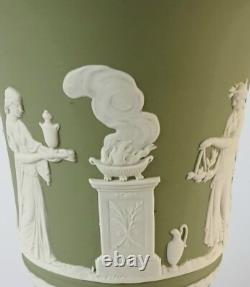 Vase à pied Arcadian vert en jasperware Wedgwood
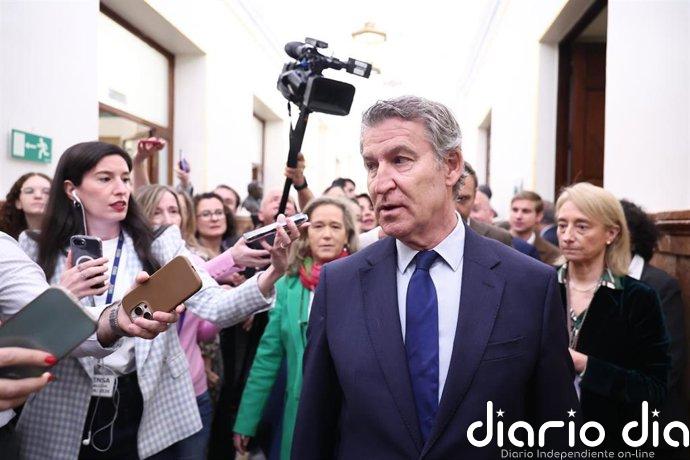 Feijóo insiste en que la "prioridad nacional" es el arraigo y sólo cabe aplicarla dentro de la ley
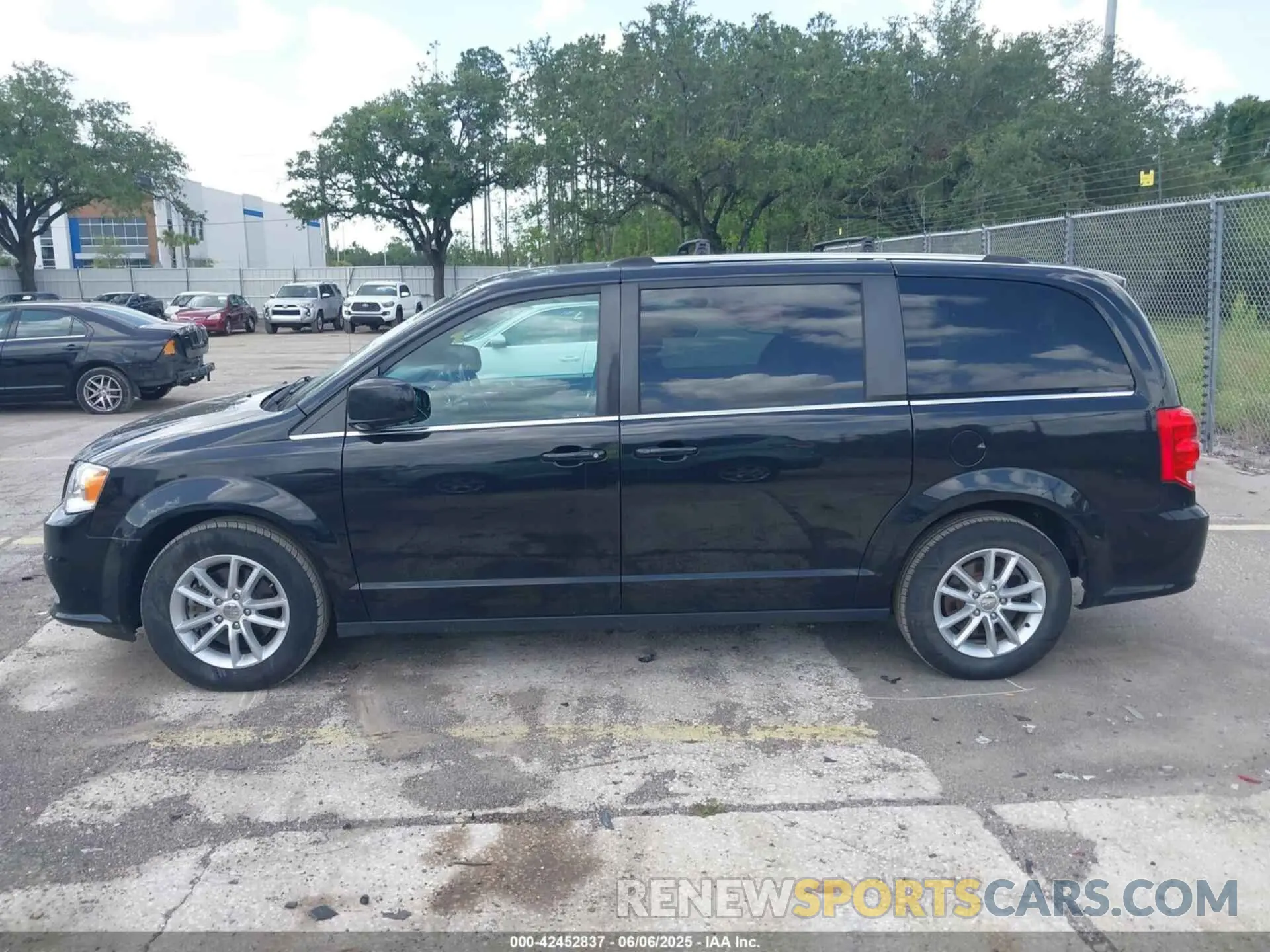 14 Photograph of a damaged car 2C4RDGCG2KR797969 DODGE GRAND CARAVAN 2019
* * *
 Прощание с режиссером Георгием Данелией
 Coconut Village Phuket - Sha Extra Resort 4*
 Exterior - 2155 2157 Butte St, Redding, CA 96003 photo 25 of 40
...
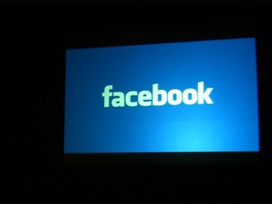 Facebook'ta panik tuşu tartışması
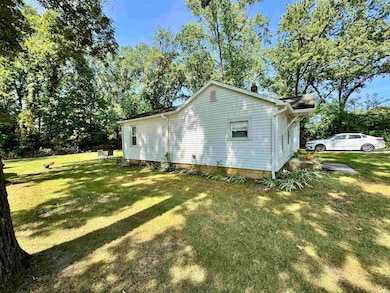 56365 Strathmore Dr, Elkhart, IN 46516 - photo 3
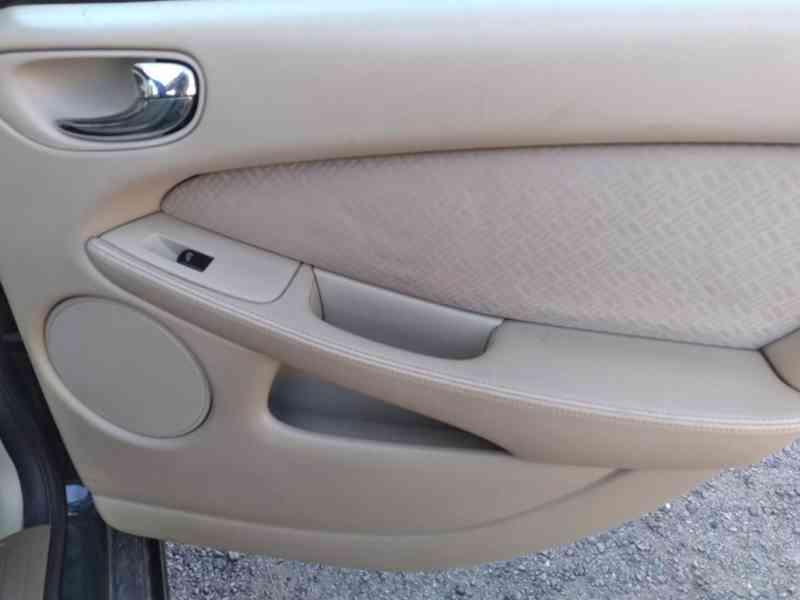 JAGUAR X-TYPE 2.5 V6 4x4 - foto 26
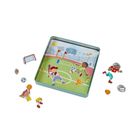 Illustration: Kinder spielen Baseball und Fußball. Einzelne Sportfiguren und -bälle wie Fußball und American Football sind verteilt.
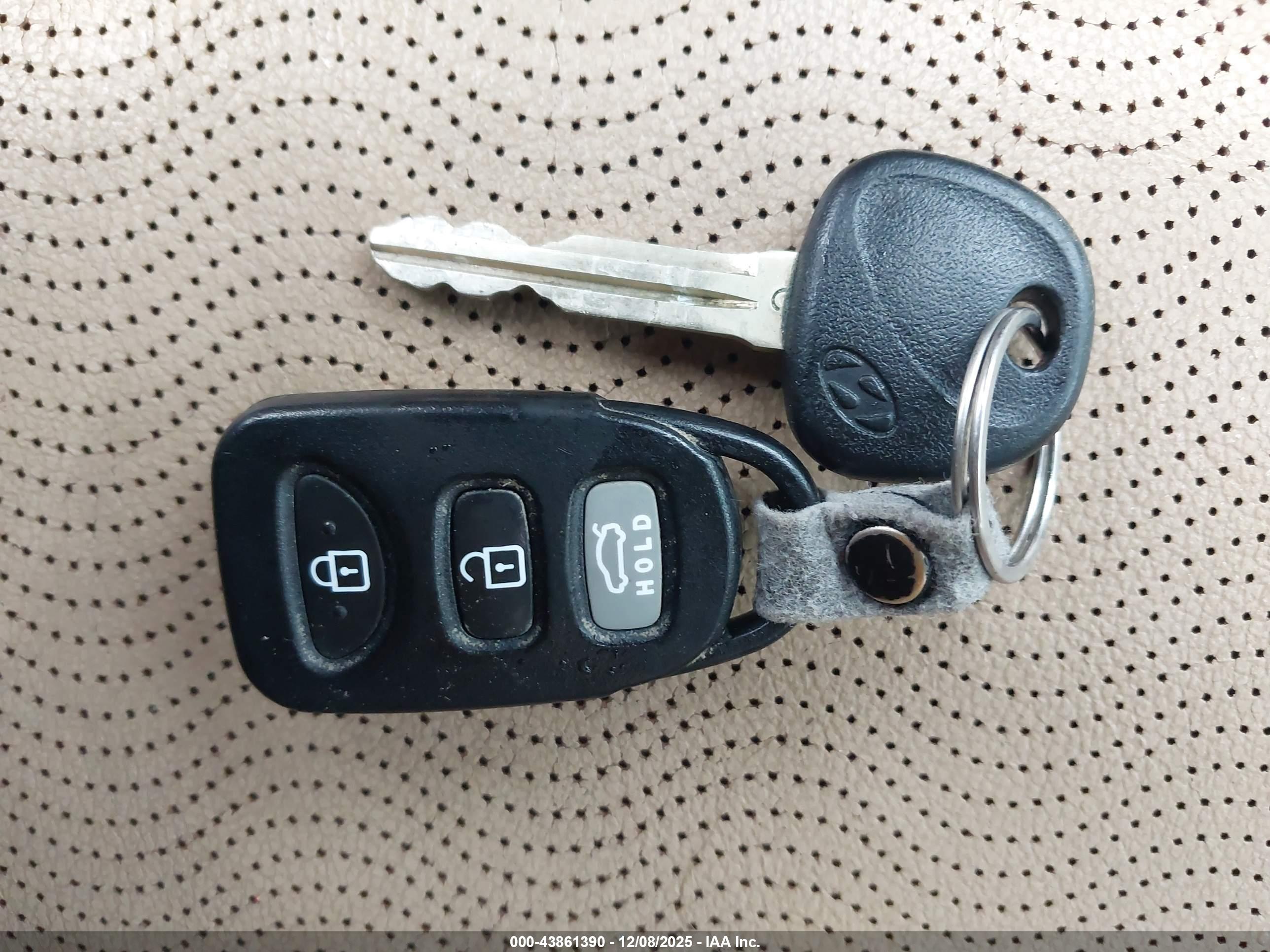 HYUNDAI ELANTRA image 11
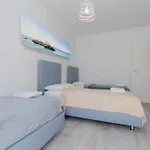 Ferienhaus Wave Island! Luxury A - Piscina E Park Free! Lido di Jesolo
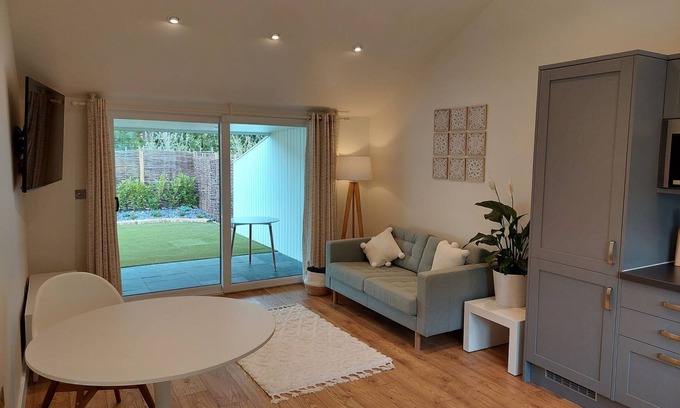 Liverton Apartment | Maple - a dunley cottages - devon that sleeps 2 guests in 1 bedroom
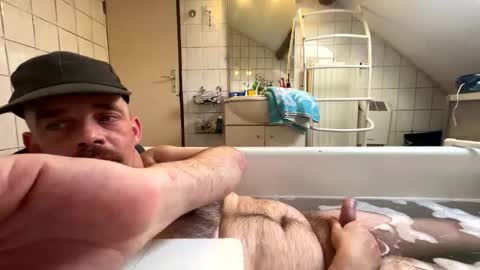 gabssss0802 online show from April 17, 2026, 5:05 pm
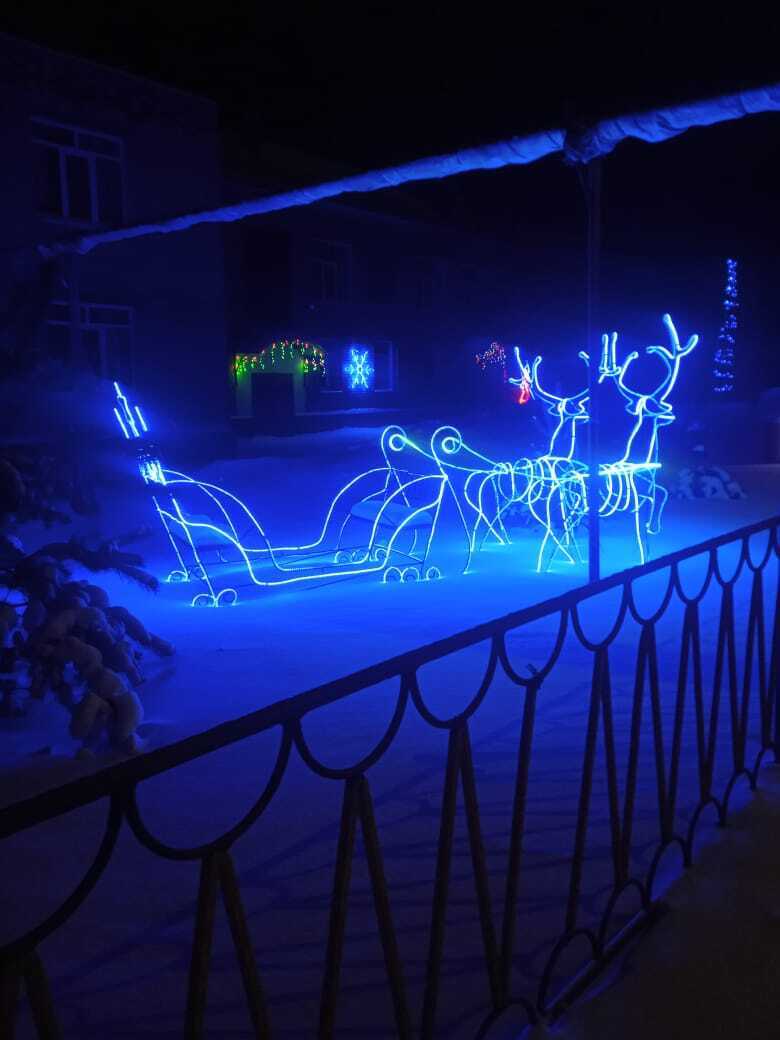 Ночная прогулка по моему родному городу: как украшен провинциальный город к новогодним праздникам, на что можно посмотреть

● **Exercise**: Copy out the lines above from the line containing "HYUNDAI ELANTRA image 11" through the line containing "Ночная прогулка по", exactly, and keep the pictures out.

● **Expected answer**:
 HYUNDAI ELANTRA image 11
 Ferienhaus Wave Island! Luxury A - Piscina E Park Free! Lido di Jesolo
 Liverton Apartment | Maple - a dunley cottages - devon that sleeps 2 guests in 1 bedroom
 gabssss0802 online show from April 17, 2026, 5:05 pm
 Ночная прогулка по моему родному городу: как украшен провинциальный город к новогодним праздникам, на что можно посмотреть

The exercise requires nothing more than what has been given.